* _How to complete this task_: An exact copy of all the data, minus the images, is required.

* _Data for this task_:
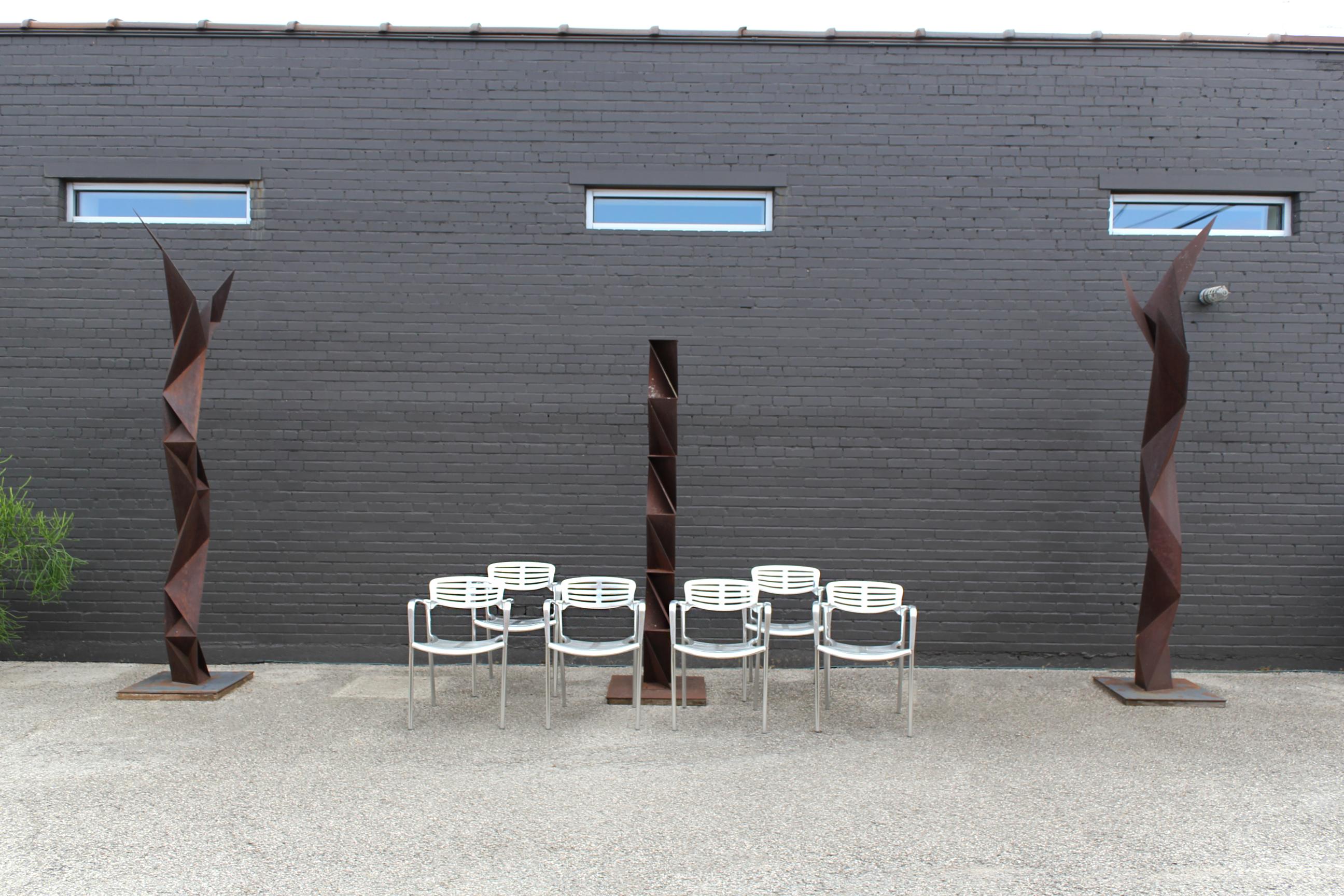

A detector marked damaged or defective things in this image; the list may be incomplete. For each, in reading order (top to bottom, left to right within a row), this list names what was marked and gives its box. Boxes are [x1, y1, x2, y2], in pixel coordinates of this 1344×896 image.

rusted metal sculpture [148, 226, 235, 688]
rusted metal sculpture [1118, 223, 1215, 693]
rusted metal base plate [117, 671, 253, 698]
rusted metal base plate [610, 679, 715, 709]
rusted metal base plate [1097, 679, 1225, 709]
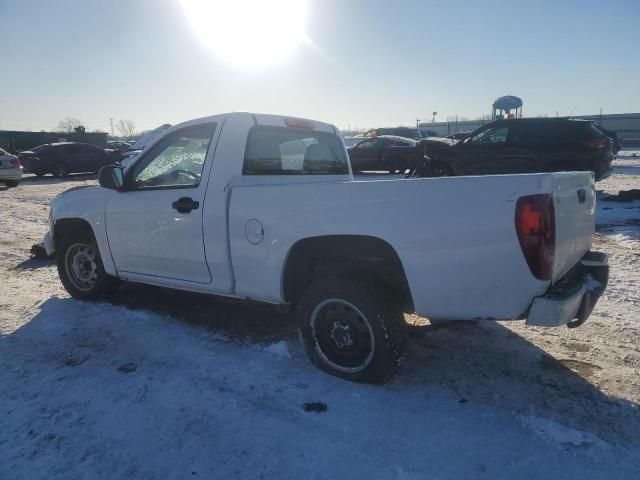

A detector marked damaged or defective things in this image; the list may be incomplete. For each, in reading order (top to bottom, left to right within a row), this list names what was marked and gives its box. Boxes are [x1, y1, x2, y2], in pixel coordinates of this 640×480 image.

dented front bumper [524, 253, 608, 328]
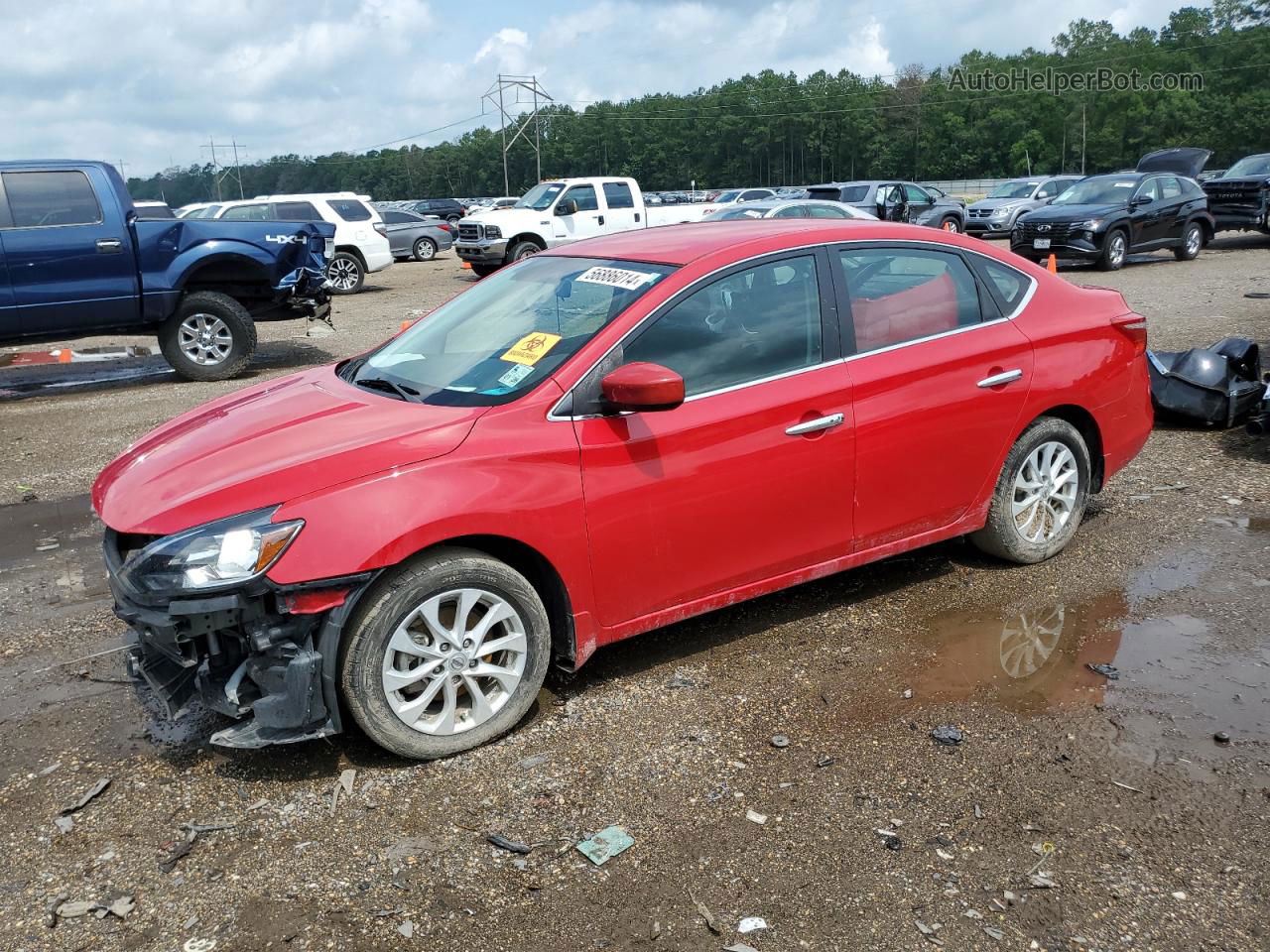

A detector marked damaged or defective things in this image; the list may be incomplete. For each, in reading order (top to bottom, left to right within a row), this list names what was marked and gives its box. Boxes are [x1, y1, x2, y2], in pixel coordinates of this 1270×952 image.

damaged front end [1148, 332, 1264, 426]
damaged front end [102, 510, 368, 751]
damaged front bumper [106, 533, 370, 751]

* _Solution below_:
A detector marked damaged or defective things in this image; the list may be incomplete. For each, in reading order (top to bottom, left to right within a row), this list names what was marked and gives its box. Boxes are [x1, y1, x2, y2], in pixel coordinates of this 1344×896 image.

rusted metal sculpture [148, 226, 235, 688]
rusted metal sculpture [1118, 223, 1215, 693]
rusted metal base plate [117, 671, 253, 698]
rusted metal base plate [610, 679, 715, 709]
rusted metal base plate [1097, 679, 1225, 709]

A detector marked damaged or defective things in this image; the list may be incomplete. For each, in reading order (top to bottom, left to right within a row), this list names what was marked and gives its box. Boxes are [x1, y1, x2, y2], in pixel coordinates of this 640×480 image.

dented front bumper [524, 253, 608, 328]

A detector marked damaged or defective things in this image; the list may be incomplete. For each, in reading order (top to bottom, left to right within a row), this list names what was marked and gives its box. Boxes are [x1, y1, x2, y2], in pixel coordinates of this 1270×952 image.

damaged front end [1148, 332, 1264, 426]
damaged front end [102, 510, 368, 751]
damaged front bumper [106, 533, 370, 751]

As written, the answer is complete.